• _YOUR INSTRUCTIONS_: Starting with the line below that holds "La policía recuperó" and stopping after the line that holds "CCEMS34 ) オーエスジー（株）", transcribe the lines exactly, leaving out all pictures.

• _EXTRACTED MATERIAL_:
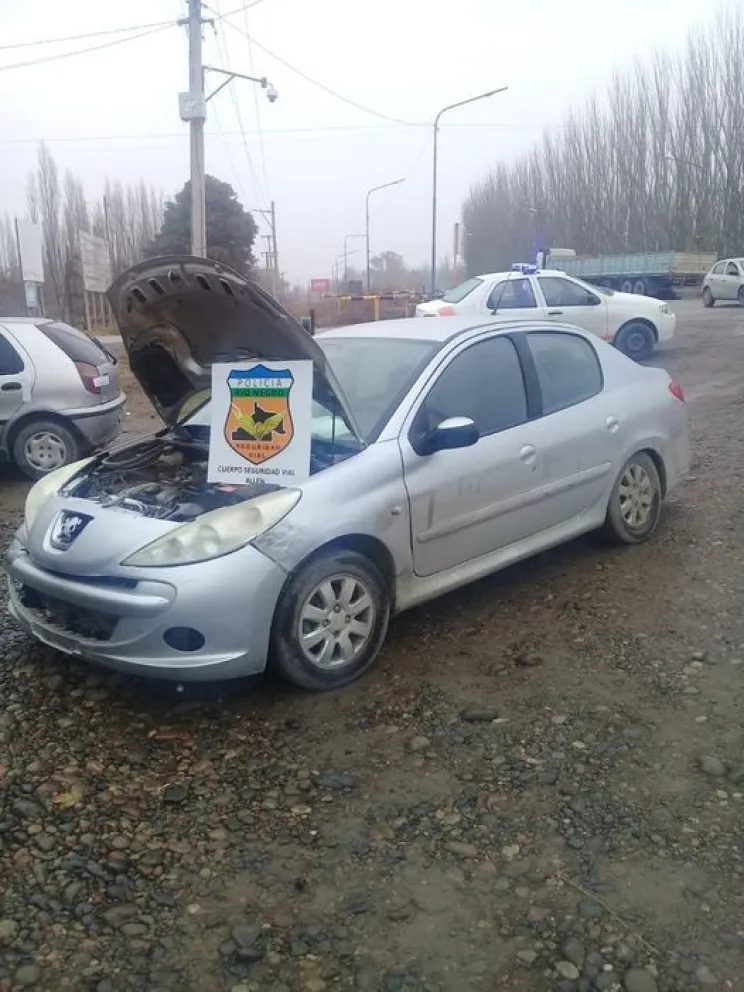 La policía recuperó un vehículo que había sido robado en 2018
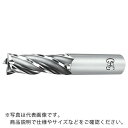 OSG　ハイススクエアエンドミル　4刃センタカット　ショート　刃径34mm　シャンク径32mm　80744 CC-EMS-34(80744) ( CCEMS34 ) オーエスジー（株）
--
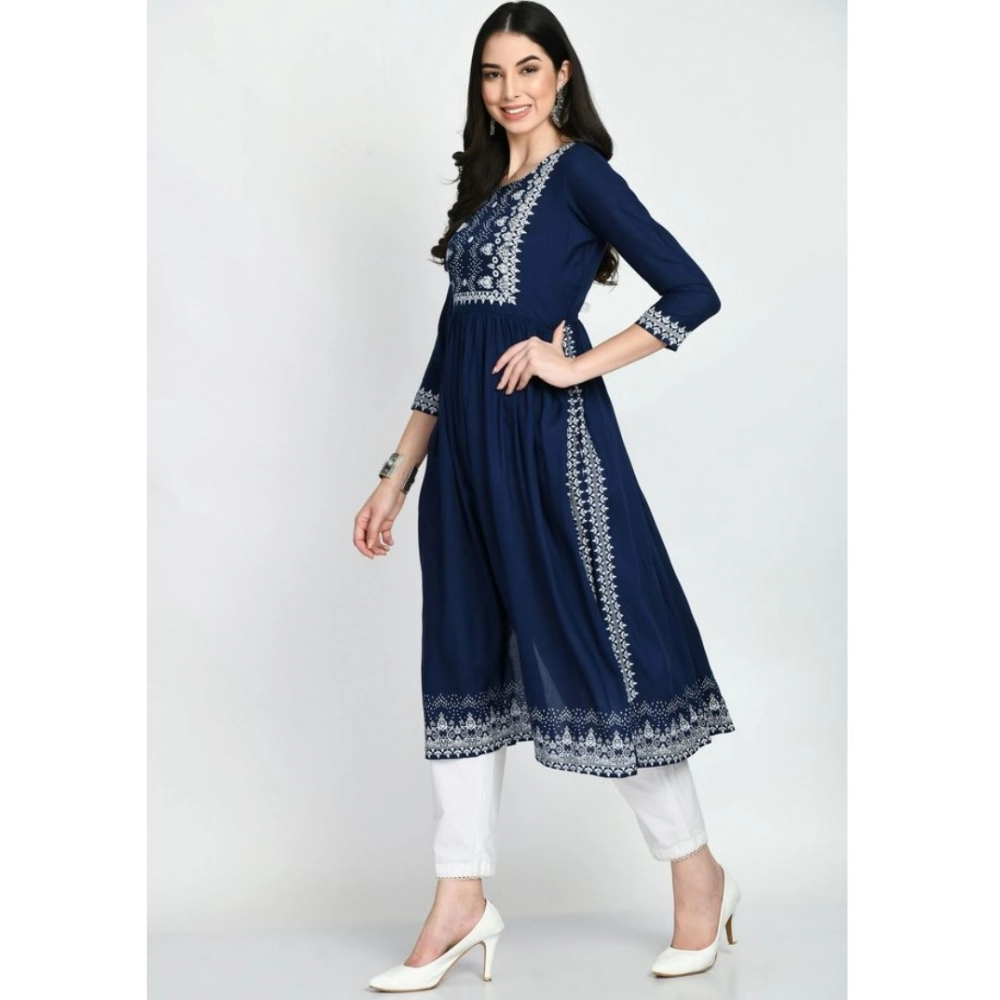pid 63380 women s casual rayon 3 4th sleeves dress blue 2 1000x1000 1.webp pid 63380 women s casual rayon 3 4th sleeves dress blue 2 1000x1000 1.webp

• _ANSWER TO THE PROBLEM_:
 La policía recuperó un vehículo que había sido robado en 2018
 OSG　ハイススクエアエンドミル　4刃センタカット　ショート　刃径34mm　シャンク径32mm　80744 CC-EMS-34(80744) ( CCEMS34 ) オーエスジー（株）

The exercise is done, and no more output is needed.